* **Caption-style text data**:
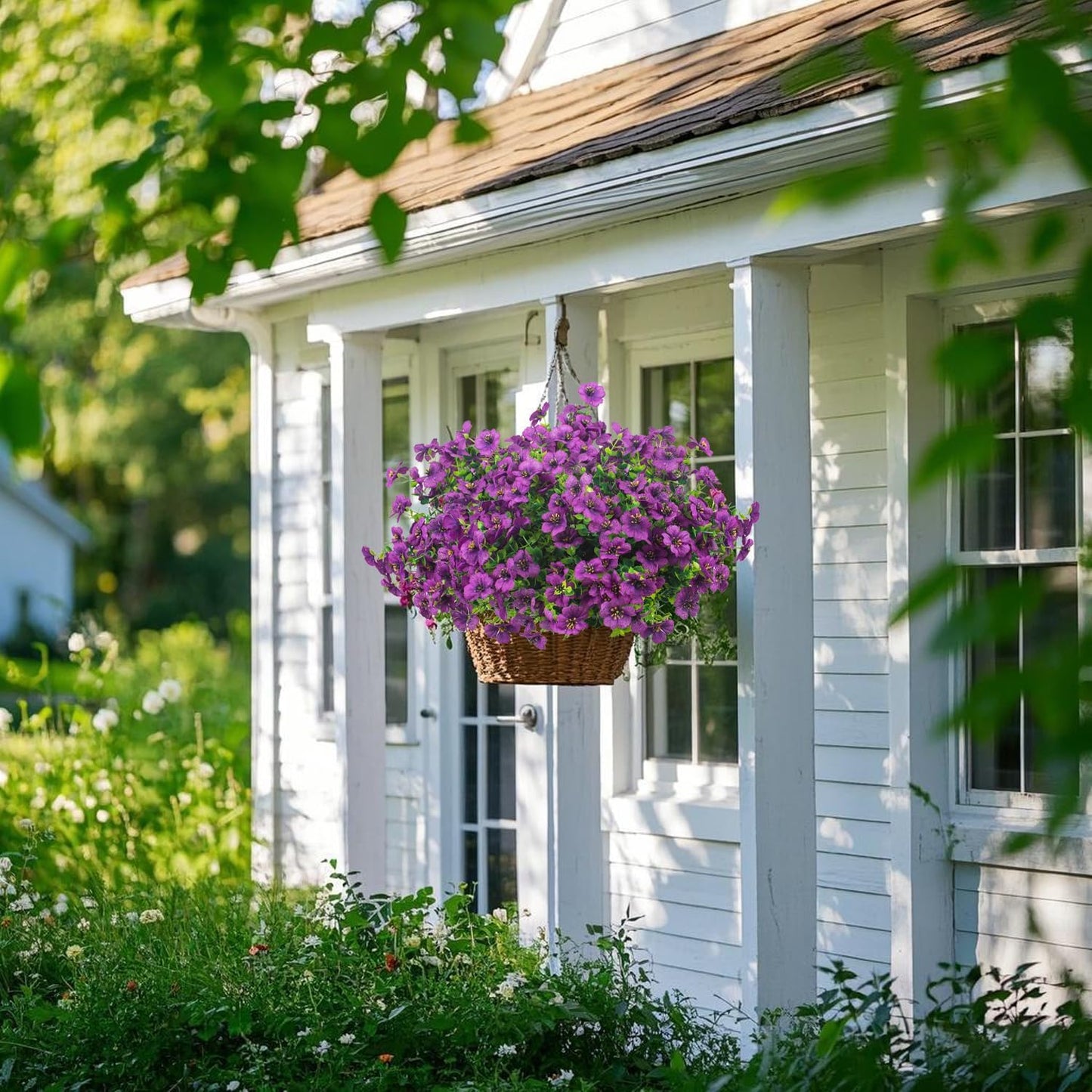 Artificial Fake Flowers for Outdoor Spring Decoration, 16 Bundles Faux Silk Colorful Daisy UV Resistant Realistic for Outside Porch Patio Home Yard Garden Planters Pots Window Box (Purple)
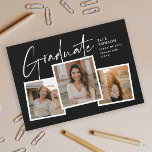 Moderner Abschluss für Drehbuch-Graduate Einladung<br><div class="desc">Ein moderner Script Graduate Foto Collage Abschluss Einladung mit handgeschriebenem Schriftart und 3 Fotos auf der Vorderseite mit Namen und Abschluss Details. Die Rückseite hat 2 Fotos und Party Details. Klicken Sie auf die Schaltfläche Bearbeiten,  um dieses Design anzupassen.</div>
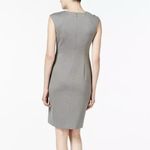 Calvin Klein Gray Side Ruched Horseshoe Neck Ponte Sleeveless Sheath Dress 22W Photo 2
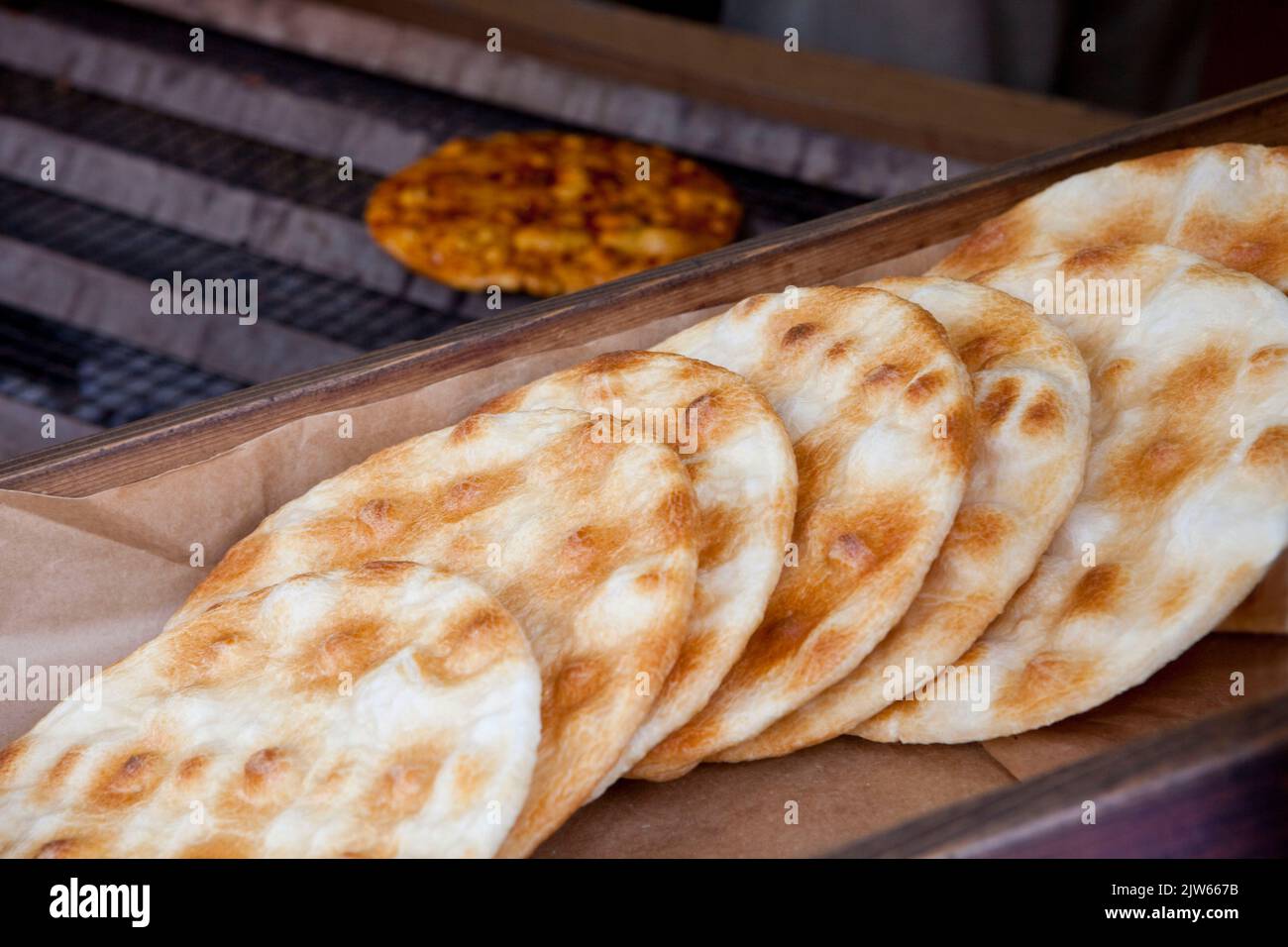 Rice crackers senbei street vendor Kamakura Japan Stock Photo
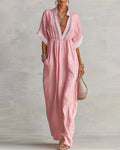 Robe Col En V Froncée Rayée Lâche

* **What you will do**: Copy exactly the lines from the one containing "Rice crackers senbei" through the last line of the records above, including both, and omit every picture.

* **Exercise answer**:
 Rice crackers senbei street vendor Kamakura Japan Stock Photo
 Robe Col En V Froncée Rayée Lâche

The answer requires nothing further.